Input for this task Block Start

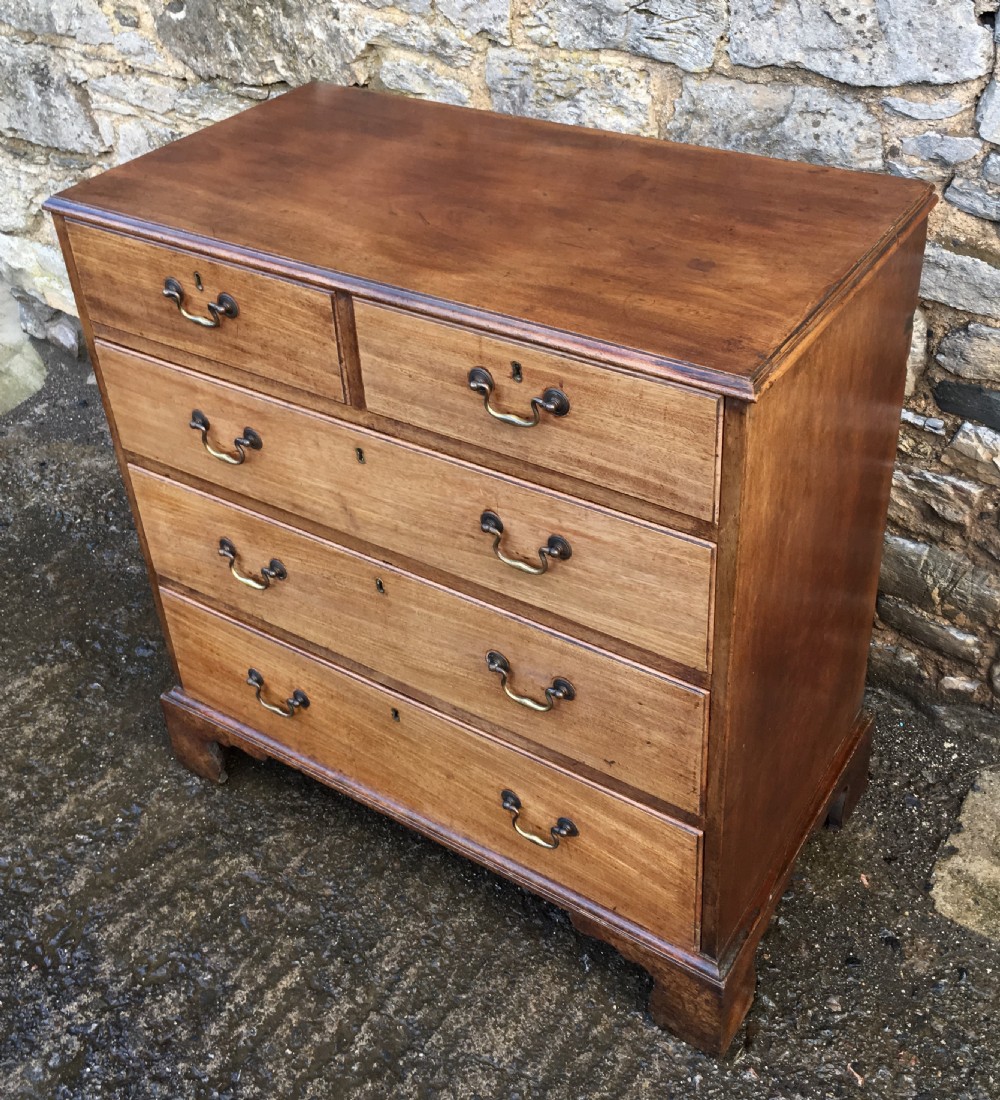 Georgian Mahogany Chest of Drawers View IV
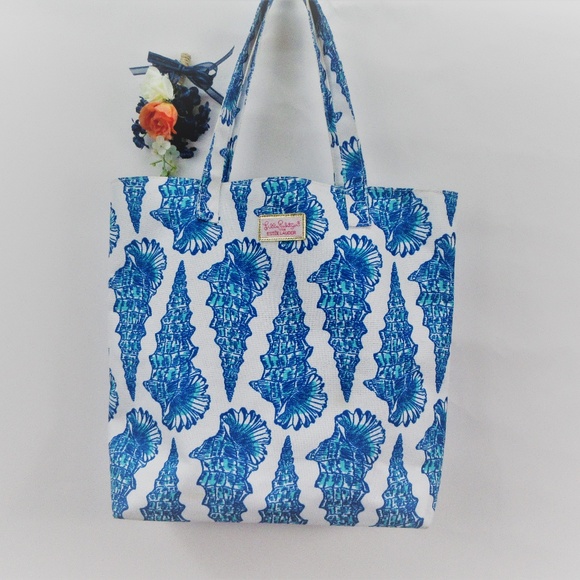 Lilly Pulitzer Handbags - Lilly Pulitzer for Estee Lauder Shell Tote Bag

Input for this task Block End
Input for this task Block Start

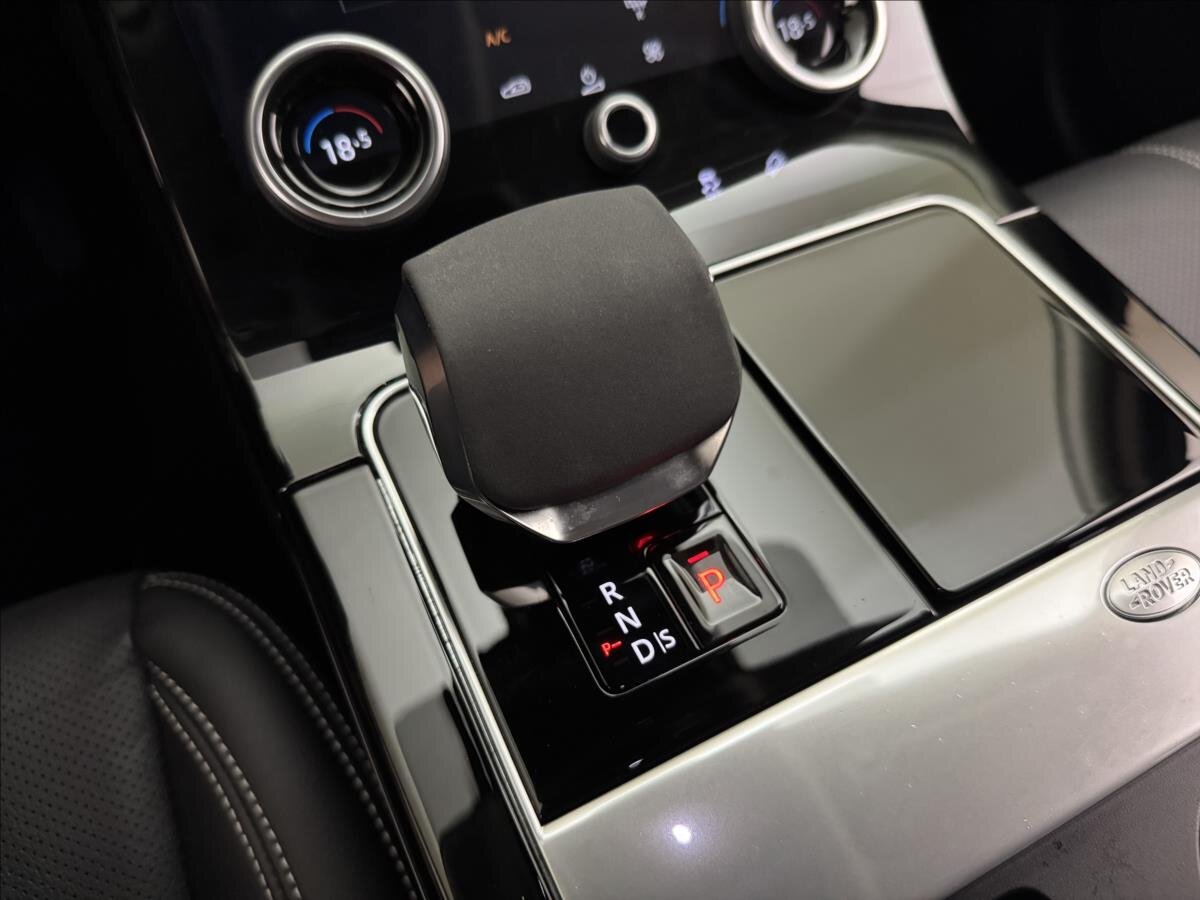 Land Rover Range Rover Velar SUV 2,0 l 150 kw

Input for this task Block End

Give back the exact lines above, running from the one that has "Georgian Mahogany Chest of Drawers View IV" through the one that has "Lilly Pulitzer Handbags", with nothing added and no pictures.

 Georgian Mahogany Chest of Drawers View IV
 Lilly Pulitzer Handbags - Lilly Pulitzer for Estee Lauder Shell Tote Bag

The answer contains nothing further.